Такой выглядела вера в 50-е годы XV столетия, когда постепенно стихли смуты и укрепились структуры государства. Время великих ересей, являвшихся своеобразной формой осмысления религиозной веры, окончательно прошло. Забвению оказались преданными и так называемые «духовники» XIV века, экстремисты, — прежде всего францисканцы, — которые пытались превратить индивидуальную и коллективную евангельскую бедность в краеугольный камень спасения людей с помощью церкви. Ересь англичанина Уиклиффа, брюссельца Рейсброка и сожженного на костре 6 июля 1415 года национального чешского героя Яна Гуса отныне казалась чем-то очень далеким.
Вера эта прочна; это та вера из «Credo» [
Впрочем, оно, то поколение, слишком много всего повидало, чтобы всерьез верить во что бы то ни было. Любовь Вийона к истинам наизнанку и к прописным истинам является выражением именно такого скрытого скептицизма.
Наследница праздника дураков, осужденного в 1444 году факультетом теологии, «Мамаша Глупость» со своим кортежем глупцов ввела в театр традицию передавать с помощью словесных, разрушающих иллюзии пируэтов старинную народную мудрость. Причем дух этих «соти» одинаково разрушительно действовал и на догму, и на мораль. Глупым выглядело все. Дураком был, например, любовник, дураком же был и мудрец.
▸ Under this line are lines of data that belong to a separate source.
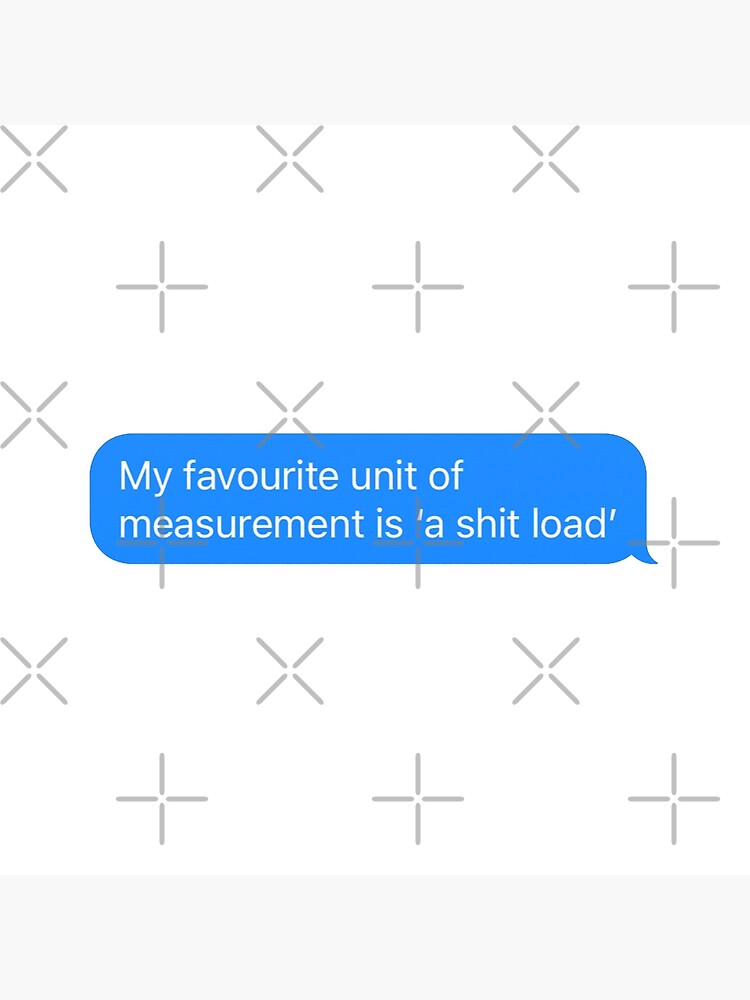 Kanye West Tweet/quote: My favorite unit of measurement is 'a shit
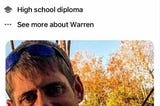 Warren Gill so fucked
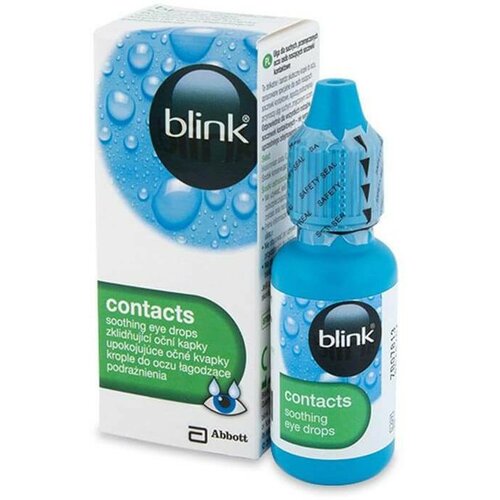 Blink contacts (10 ml) Cene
ГЛАВА III. Не дай в удел нам вечный ад…
Хотя реформаторы и выступали против чудодейственных картинок и дешевых индульгенций, рядовой христианин более внимательно относился к способным обеспечить ему пропуск в рай ритуалам, чем к фундаментальным принципам веры. Догма выходила из его поля зрения, и на первом плане оставалась практическая сторона дела. Многим Бог казался въедливым счетоводом, определяющим шансы верующих на спасение по количеству точно выполненных ритуалов и по тому, насколько велик у человека запас индульгенций. Силе убеждения придавалось не столь большое значение, как точности в деталях и завершенности обязательного цикла: крещение, воскресная месса, ежегодная исповедь на Пасху и причастие. Искать вечного пристанища не на кладбище и не в лоне церкви считалось также недопустимым, и тело, оказавшееся похороненным где-нибудь в другом месте, — ради удобства либо согласно обязательствам — быстро перевозили в «христианскую землю».
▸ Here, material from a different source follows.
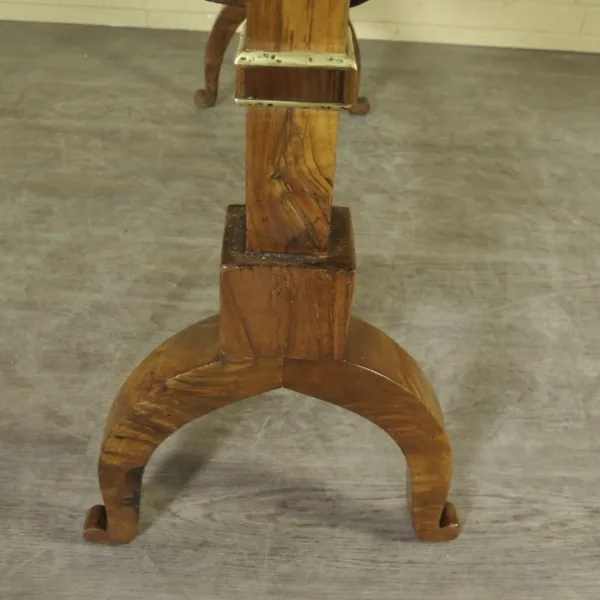 Wiege Babywiege Biedermeier 1800 Kirschbaum - immagine 5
Главное было соблюсти формальные требования, тогда как личный настрой существенной роли не играл. Например, Изабелла Баварская в начале века вместо себя заставляла поститься своих священников. Существовали такие профессиональные пилигримы, которые совершали паломничества в Рим либо в Сантьяго-де-Компостела вместо других лиц и за их счет, а прокурор Жан Сулас, составляя завещание, поручил совершить представлявшиеся ему необходимыми паломничества своим душеприказчикам:
«А также пожелал и приказал посетить Сент-Антуан-де-Вьеннуа. Посетить также Мон-Сен-Мишель. Посетить также Нотр-Дам-де-Булонь-сюр-ла-Мер. А также Нотр-Дам-де-Льес и Сент-Катрин-де-Фьербуа».
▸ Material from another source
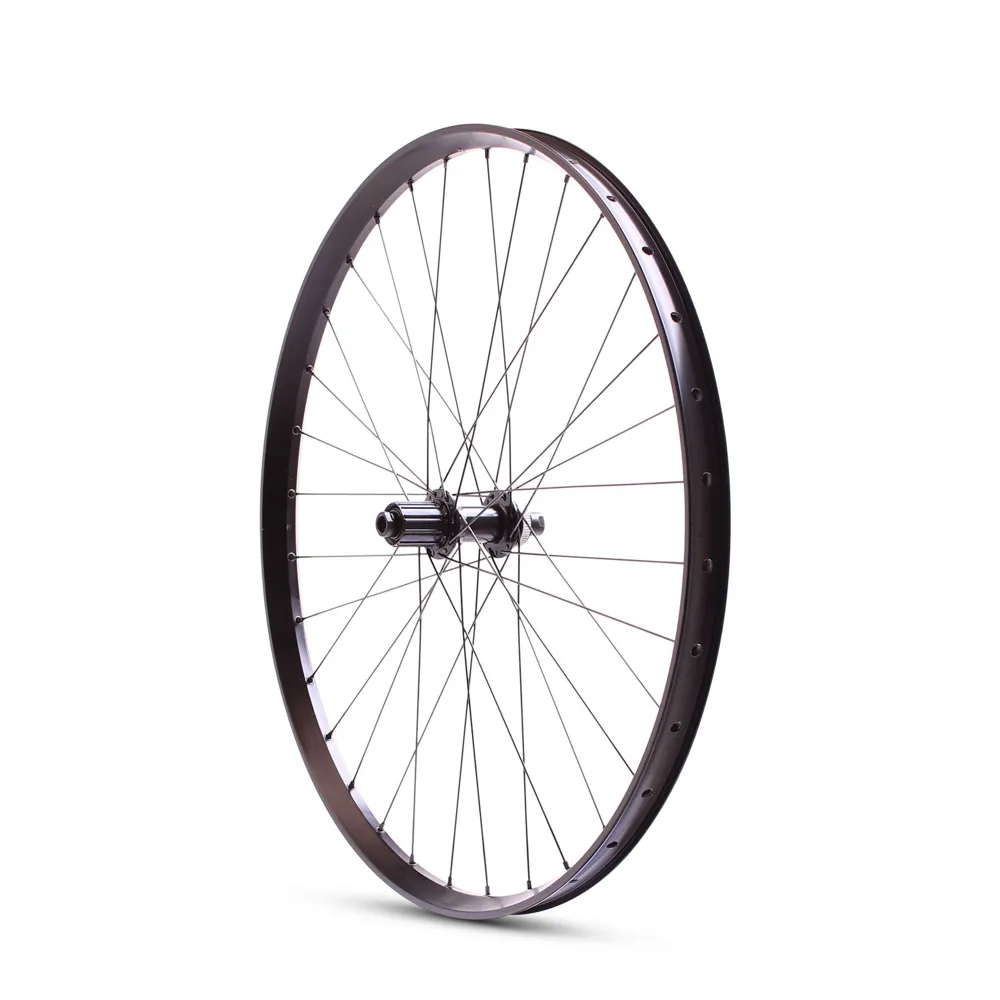 uPRISE Bikes M Part M30 142x12mm 8-11sp TLR 27.5 Rear MTB Wheel - Black | Price match, 365 day return s, 18-Month Warranty, Finance Available & Free UK Delivery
Любой состоятельный горожанин заказывал мессы, причем зачастую даже и не помышляя поприсутствовать на них. Предпочтительнее было заказывать не тридцать месс, а сто: в завещании одного судьи записано распоряжение отслужить шестьсот пятьдесят обеден, с уточнением, что заботу о пятистах из них лучше поручить нищенствующим орденам. Точно так же свеча стоимостью в десять ливров ценилась выше, чем свеча стоимостью в один ливр. Переведенная на язык арифметики набожность предполагала суммарное исчисление деяний и заслуг, а следующей ступенью являлось коллекционирование индульгенций.